USA, 106 minutes, documentary
Director/writer/narrator: Alex Gibney
Photography: Maryse Alberti, Greg Andracke
Another decent documentary looking at the excesses of the Bush years in terms of its foreign policy, and another one already dated by developments that keep emerging (or that don't, but in which the stalling has advanced the story, to the degree it has been advanced, which is not nearly enough, as public concerns about it sadly sink into the sunset of his economic calamity). Focusing on the cancer of torture, a/k/a "harsh interrogation tactics" and the like by apologists, the unofficial official policy for which most likely started in Bagram and Guantanamo Bay but didn't really enter public consciousness until Abu Ghraib, this documentary examines the disappearance of a young Afghan taxi driver named Dilawar and his subsequent mysterious death at Bagram in 2002, relentlessly uncovering the horrific details as it burrows deeper and deeper for the information.
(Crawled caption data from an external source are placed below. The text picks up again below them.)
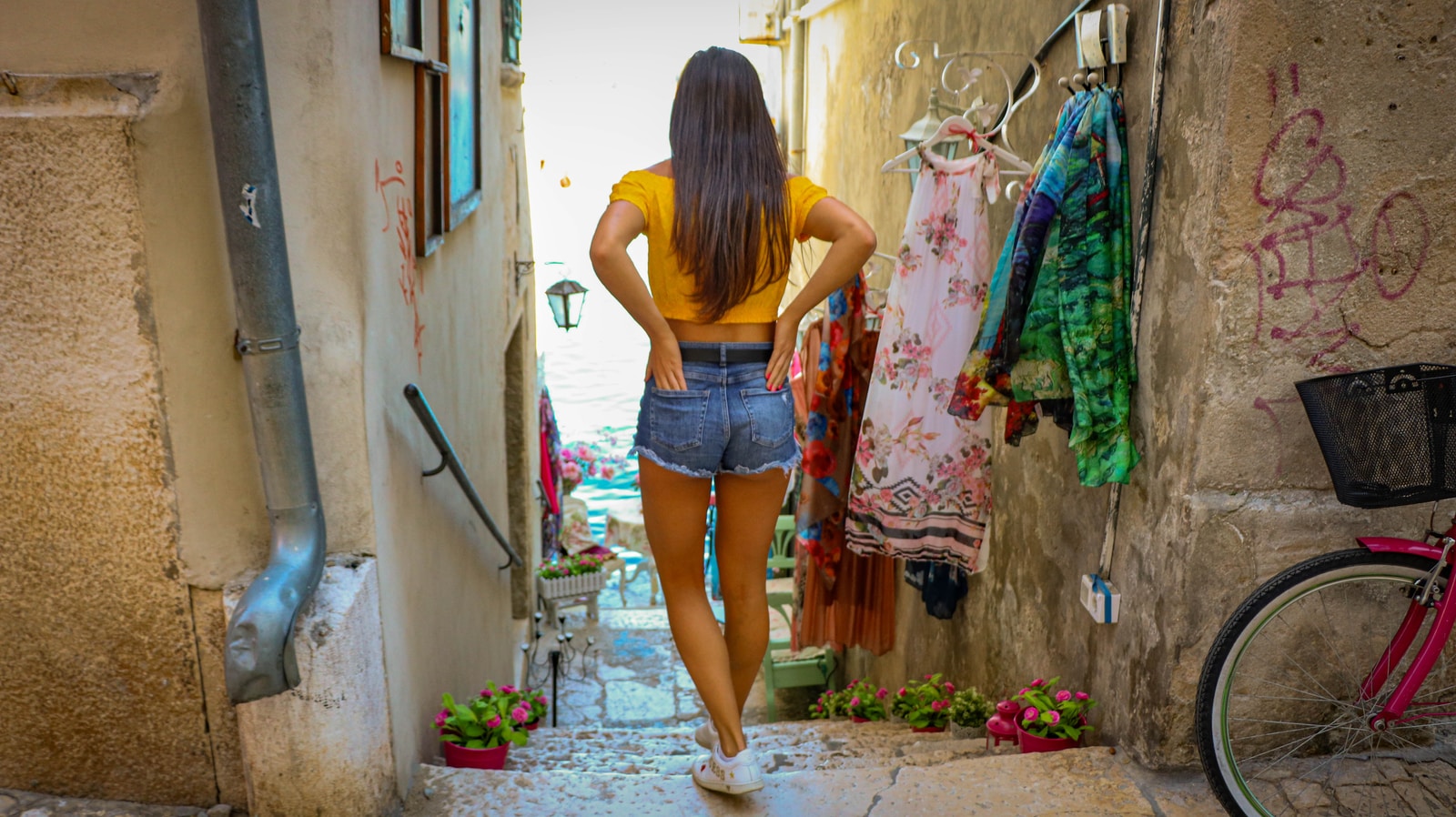dole777 - ČasProŽeny.cz woman in yellow tank top and blue denim shorts standing on concrete floor during daytime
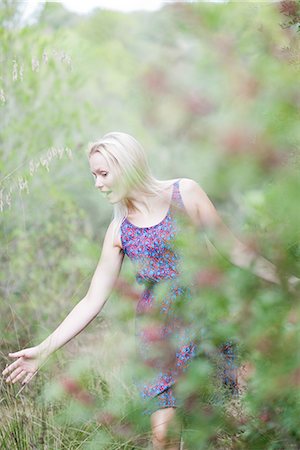 Young woman walking in nature, touching tall grass Stock Photo - Premium Royalty-Free, Code: 633-06406396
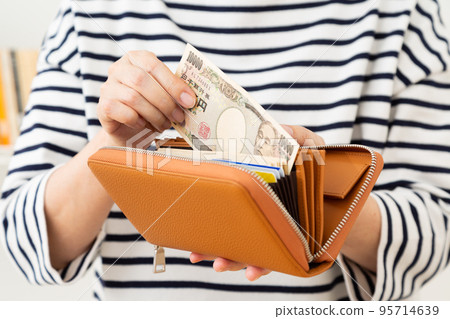 一名中年婦女，外表隨意，從錢包裡掏出錢來 95714639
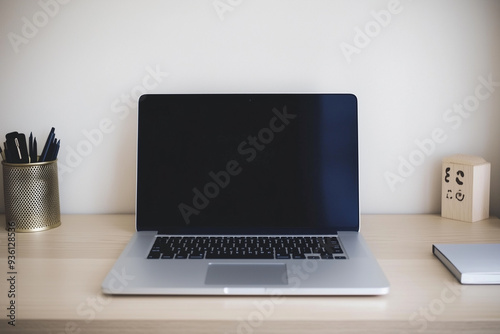 A laptop is open on a desk with a pen and a small wooden box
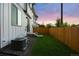 Newly landscaped backyard with green grass and fence providing privacy at 4030 Upham St, Wheat Ridge, CO 80033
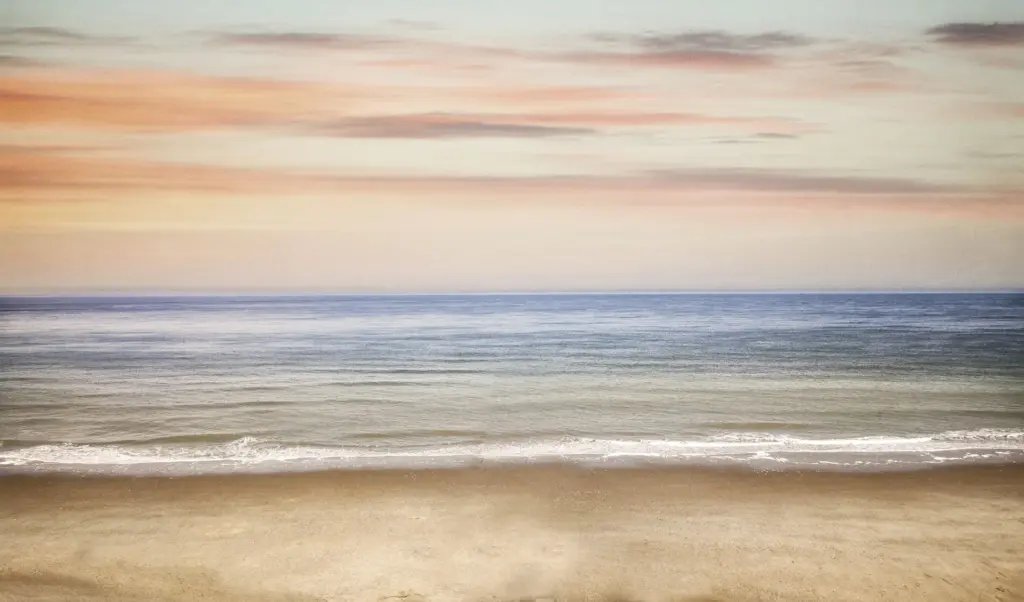 A calm sea meeting a soft pastel horizon at dusk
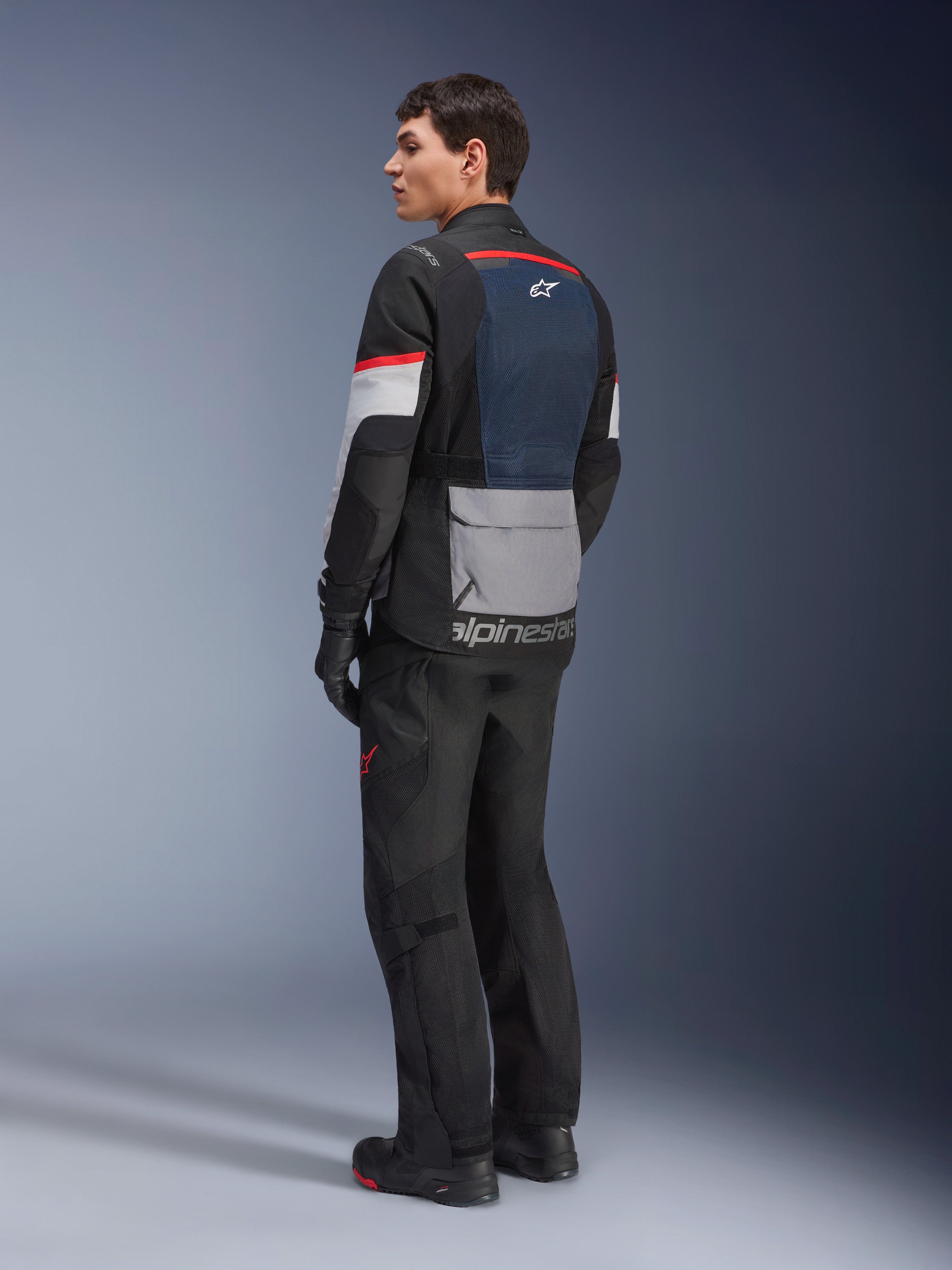 Męski model w ujęciu z tyłu i z boku, ubrany w kurtkę Alpinestars Andes Air Drystar® w kolorze Deep Blue Black Ice Gray, czarne spodnie motocyklowe i rękawice, niebieski panel siatkowy na plecach, szara kieszeń cargo na dole pleców i czerwone akcenty na rękawach, profesjonalna odzież adventure touring.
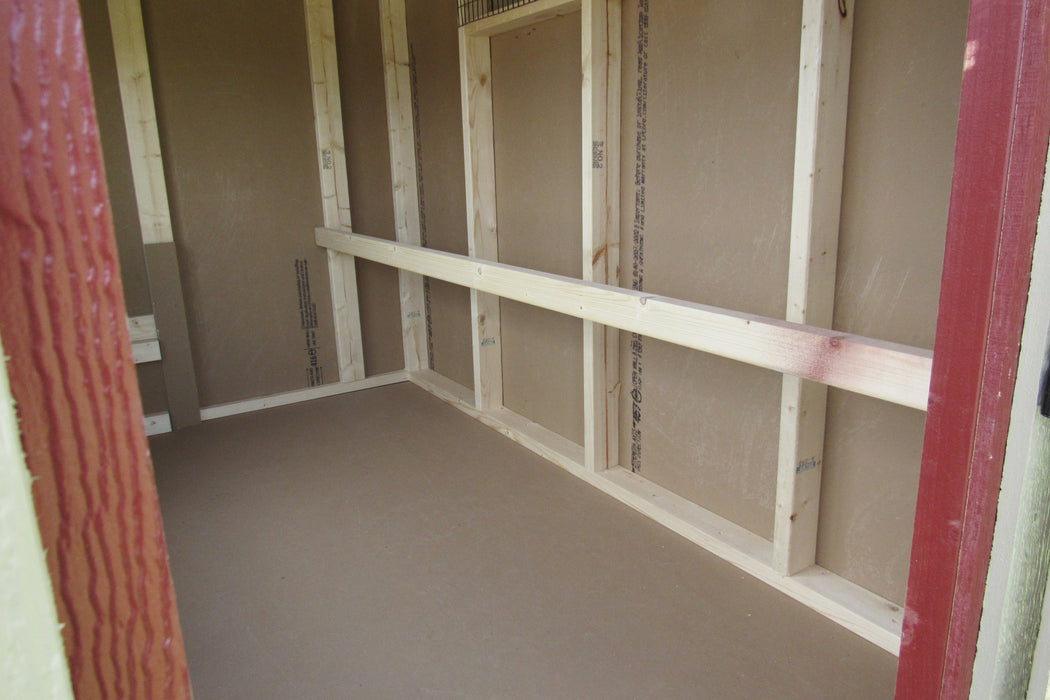 Interior view of EZ-Fit's 5x8 chicken coop showing the sturdy wood construction and spacious design for poultry.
Among them: Dilawar was beaten so badly that his legs were essentially pulped while he was still alive. All follow-up investigation has so far shown that he was guilty of nothing, but merely caught up in unfortunate circumstances; in the wrong place at the wrong time, as they say. U.S. government response: "oh no we dit-ten" alternating with "ooops." These things are important—this information has to get out. But they are formidably depressing too, and so, for better or worse, is this documentary.